Three CRDs configure the BGP peering interface on hv-01 :

  1. ClusterNetwork : declares a logical network (bgp) backed by eth2
  2. VlanConfig : binds eth2 as an active-backup bond ; Harvester automatically builds eth2 → bgp-bo → bgp-br
  3. HostNetworkConfig : assigns 172.16.1.100/24 on VLAN 100 with cluster-managed persistence across reboots
kubectl apply -f clusternetwork.yaml -f vlanconfig.yaml -f hnc.yaml

Full manifests are in the repository .

Blocker

Do not proceed until L3 is confirmed from hv-01 :

ping -c3 172.16.1.1   # router-01
ping -c3 172.16.1.2   # router-02

Kube-OVN BGP speaker

Harvester's bundled Kube-OVN v1.15.4 does not include the BgpConf / BgpPeer CRDs. BGP configuration goes through container args on the kube-ovn-speaker DaemonSet instead.

Label the node, deploy the speaker, then annotate the subnet to advertise :

kubectl label nodes hv-01 ovn.kubernetes.io/bgp=true
kubectl apply -f speaker.yaml
kubectl annotate subnet ovn-default ovn.kubernetes.io/bgp=true

Single neighbor per speaker

A Kube-OVN speaker DaemonSet configured via container args accepts a single --neighbor-as value : a limitation of this deployment shape, not of BGP itself. The speaker here peers with router-01 (AS 65001) ; router-02 learns Kube-OVN routes transitively through router-01. A second speaker instance would be needed to open a direct session with router-02 (AS 65002). Newer Kube-OVN releases ship BgpConf / BgpPeer CRDs that handle multiple neighbors natively.

The speaker advertises any subnet that carries the ovn.kubernetes.io/bgp=true annotation. In this lab that means a single prefix :

Prefix Source
10.54.0.0/16 Pod CIDR (ovn-default subnet)

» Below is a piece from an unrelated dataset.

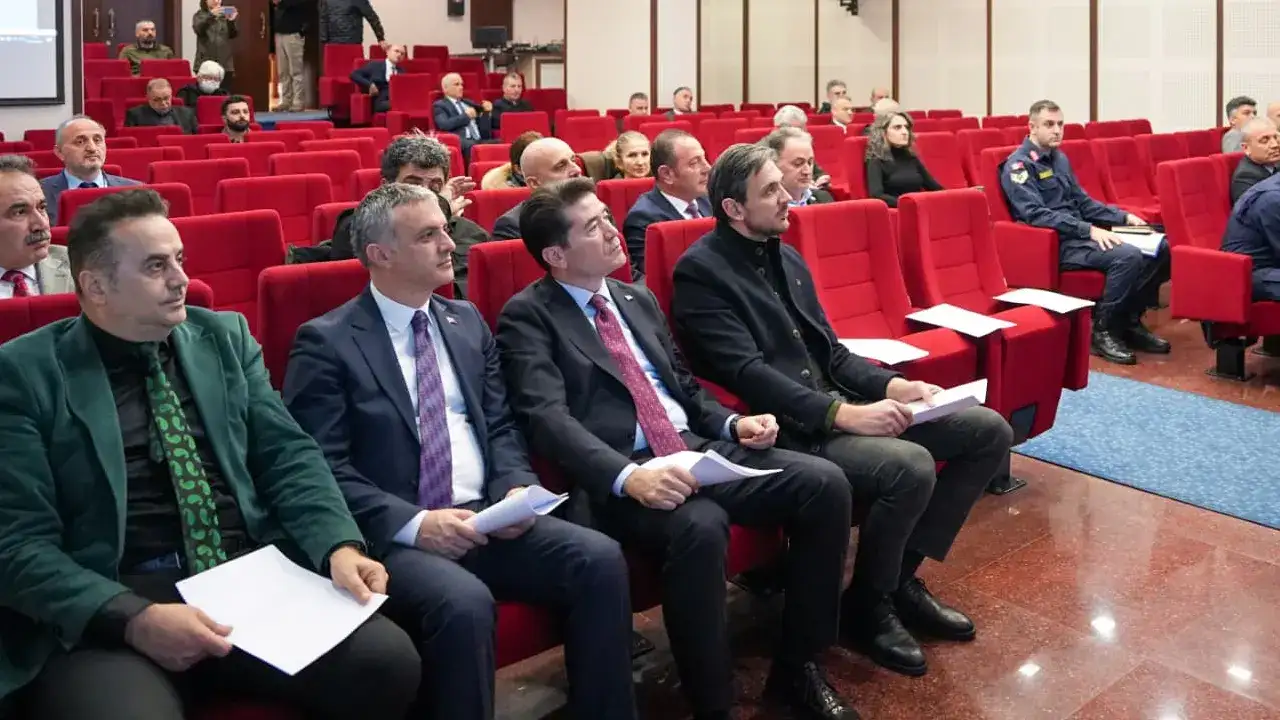 baskan-kaya-ortahsiarda-sokak-hayvanlari-kurluyor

The DaemonSet also sets --announce-cluster-ip=true, which lets the speaker advertise individual service IPs (one /32 per service) for any Service annotated with ovn.kubernetes.io/bgp=cluster. None are annotated in this PoC, so only the pod CIDR ends up in the RIB. The internal join subnet (100.64.0.0/16) is Kube-OVN plumbing and is never advertised.

Validation

The diagram below traces a packet from a pod on hv-01 all the way out to router-02, showing every hop where a BGP-learned route comes into play :

End-to-end packet flow from a pod on 10.54.0.2 through the OVN logical switch and router, out via bgp-br on 172.16.1.100, across the VLAN 100 trunk to router-01, then to router-02 via the eBGP-learned 10.54.0.0/16 prefix

# On hv-01 - confirm what the speaker is announcing (and receiving)
kubectl -n kube-system exec -it \
    "$(kubectl -n kube-system get pod -l app=kube-ovn-speaker -o name | head -1)" \
    -- gobgp global rib

# On router-01 - Kube-OVN prefixes should appear via 172.16.1.100
show ip bgp

# On router-02 - same prefixes, next-hop via 172.16.1.1 (transitive)
show ip bgp

# End-to-end - from router-02, reach a pod IP directly
kubectl run nginx --image=nginx && kubectl get pods -o wide
ping <POD_IP>   # from router-02, proves full transitive propagation

Conclusion

Once VLAN trunking and MAC spoofing are sorted on the Hyper-V side, Kube-OVN's BGP speaker on Harvester behaves like any other upstream BGP peer.